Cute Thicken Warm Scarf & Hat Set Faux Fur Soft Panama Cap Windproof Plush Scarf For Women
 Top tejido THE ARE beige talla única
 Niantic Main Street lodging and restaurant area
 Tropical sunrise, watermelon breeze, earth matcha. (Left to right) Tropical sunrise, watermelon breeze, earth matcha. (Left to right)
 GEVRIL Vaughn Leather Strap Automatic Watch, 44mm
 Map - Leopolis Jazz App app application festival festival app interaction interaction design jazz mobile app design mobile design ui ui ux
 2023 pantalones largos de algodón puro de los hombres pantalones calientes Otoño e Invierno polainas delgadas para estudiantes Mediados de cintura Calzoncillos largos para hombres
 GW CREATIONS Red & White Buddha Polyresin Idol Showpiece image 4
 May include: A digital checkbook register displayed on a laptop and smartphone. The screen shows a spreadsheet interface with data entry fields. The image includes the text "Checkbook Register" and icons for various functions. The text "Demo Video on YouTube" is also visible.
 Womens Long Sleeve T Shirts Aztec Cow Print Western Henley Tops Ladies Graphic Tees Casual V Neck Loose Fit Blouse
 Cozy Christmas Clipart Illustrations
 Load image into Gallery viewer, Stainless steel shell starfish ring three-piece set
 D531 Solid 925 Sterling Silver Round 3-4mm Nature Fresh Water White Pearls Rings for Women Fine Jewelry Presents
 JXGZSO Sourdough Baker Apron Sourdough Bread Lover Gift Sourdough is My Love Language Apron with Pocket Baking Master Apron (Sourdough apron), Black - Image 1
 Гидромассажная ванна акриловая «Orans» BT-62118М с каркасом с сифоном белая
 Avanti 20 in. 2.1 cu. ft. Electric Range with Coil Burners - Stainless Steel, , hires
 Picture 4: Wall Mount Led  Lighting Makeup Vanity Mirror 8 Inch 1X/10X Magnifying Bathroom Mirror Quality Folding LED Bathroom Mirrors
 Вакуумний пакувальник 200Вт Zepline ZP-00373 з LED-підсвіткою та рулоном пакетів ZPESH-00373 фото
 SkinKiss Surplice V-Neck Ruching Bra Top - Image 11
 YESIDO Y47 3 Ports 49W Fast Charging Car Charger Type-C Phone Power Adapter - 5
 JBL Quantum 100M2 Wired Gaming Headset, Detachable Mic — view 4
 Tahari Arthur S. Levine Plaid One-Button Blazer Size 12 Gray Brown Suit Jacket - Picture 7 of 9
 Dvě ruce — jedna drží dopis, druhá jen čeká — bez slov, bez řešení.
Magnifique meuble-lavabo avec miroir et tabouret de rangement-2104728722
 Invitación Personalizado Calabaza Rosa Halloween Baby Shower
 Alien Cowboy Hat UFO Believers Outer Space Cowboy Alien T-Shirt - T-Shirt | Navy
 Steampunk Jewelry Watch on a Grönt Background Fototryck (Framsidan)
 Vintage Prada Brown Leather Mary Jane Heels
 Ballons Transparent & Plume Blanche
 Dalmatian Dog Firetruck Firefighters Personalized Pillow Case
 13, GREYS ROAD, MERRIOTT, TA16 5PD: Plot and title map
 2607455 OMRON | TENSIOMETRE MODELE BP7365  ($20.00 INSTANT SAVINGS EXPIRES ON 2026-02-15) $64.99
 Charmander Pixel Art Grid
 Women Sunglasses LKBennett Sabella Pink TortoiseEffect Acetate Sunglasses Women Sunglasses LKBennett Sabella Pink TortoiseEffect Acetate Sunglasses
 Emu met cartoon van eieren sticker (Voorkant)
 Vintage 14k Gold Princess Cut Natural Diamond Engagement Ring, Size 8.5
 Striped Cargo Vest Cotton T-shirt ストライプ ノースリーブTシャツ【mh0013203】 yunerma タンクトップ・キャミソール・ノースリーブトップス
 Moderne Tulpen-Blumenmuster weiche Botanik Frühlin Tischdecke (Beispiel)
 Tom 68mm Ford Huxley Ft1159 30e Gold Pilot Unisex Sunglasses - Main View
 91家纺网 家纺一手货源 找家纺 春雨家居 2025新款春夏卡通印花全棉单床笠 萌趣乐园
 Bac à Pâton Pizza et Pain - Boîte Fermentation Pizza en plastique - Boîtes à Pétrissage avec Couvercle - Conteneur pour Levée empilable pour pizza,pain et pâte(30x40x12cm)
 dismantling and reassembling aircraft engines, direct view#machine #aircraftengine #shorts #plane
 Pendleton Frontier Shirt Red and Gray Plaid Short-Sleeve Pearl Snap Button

GOAL OF THE EXERCISE =
Please return every line of the material above that includes "Leather".

RESPONSE =
 GEVRIL Vaughn Leather Strap Automatic Watch, 44mm
 Vintage Prada Brown Leather Mary Jane Heels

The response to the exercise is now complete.